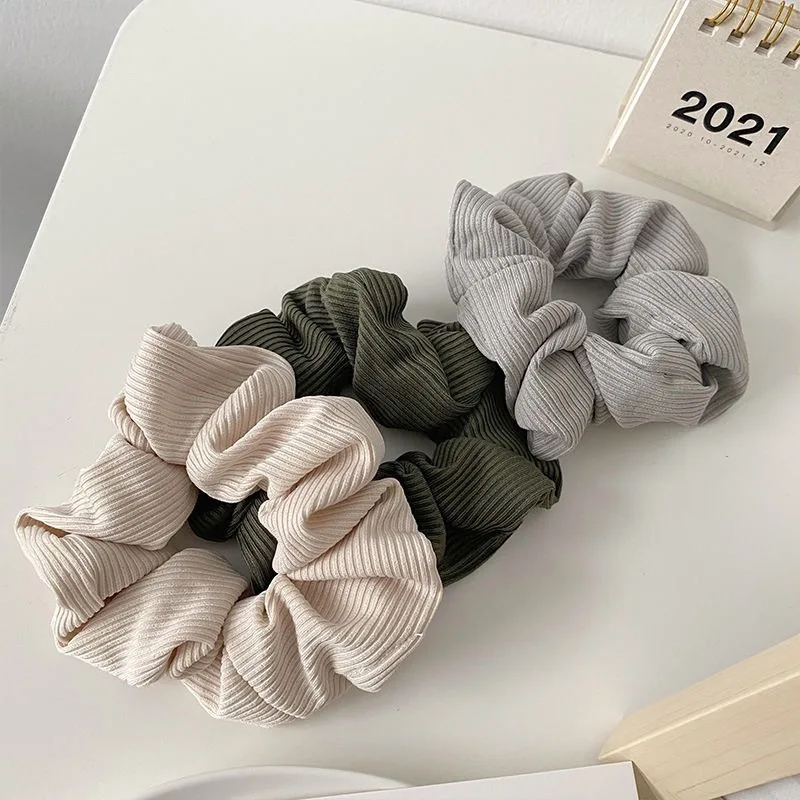 2022 New Knitted Hair Scrunchie Headband for Women Solid Color Velvet Elastic Hair Bands Rings Girls Hair Accessories Headwear designer hair clips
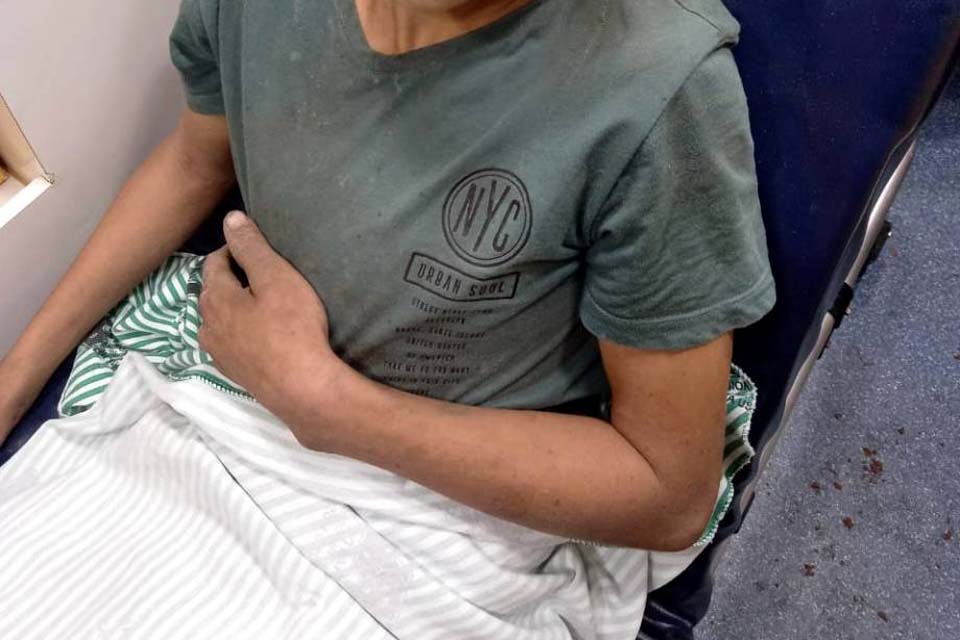 Polícia encontra garoto de 13 anos baleado; irmãos foram presos com armas 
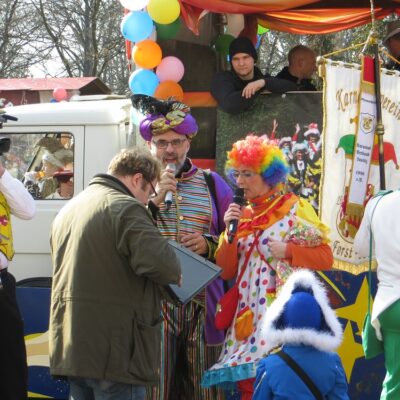 Unsere Moderatoren moderieren interessante technische Details. :-)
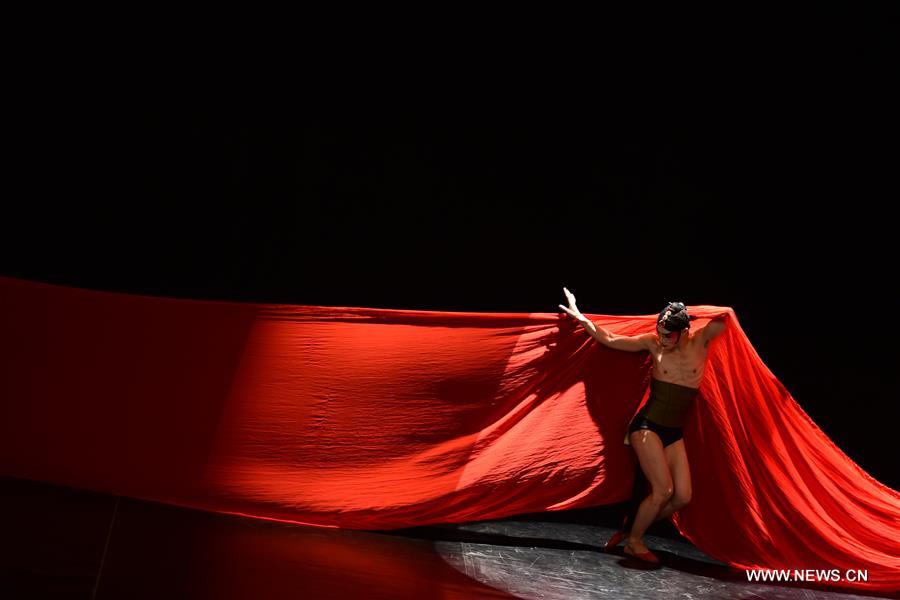 الصورة: عرض للرقص الصيني المعاصر بالقاهرة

----------

In the copy, no pictures are to appear; write out exactly the lines from the one containing "Polícia encontra garoto" through the end of the listing above and no further lines.

| SOLUTION TO THIS EXERCISE |
 Polícia encontra garoto de 13 anos baleado; irmãos foram presos com armas 
 Unsere Moderatoren moderieren interessante technische Details. :-)
 الصورة: عرض للرقص الصيني المعاصر بالقاهرة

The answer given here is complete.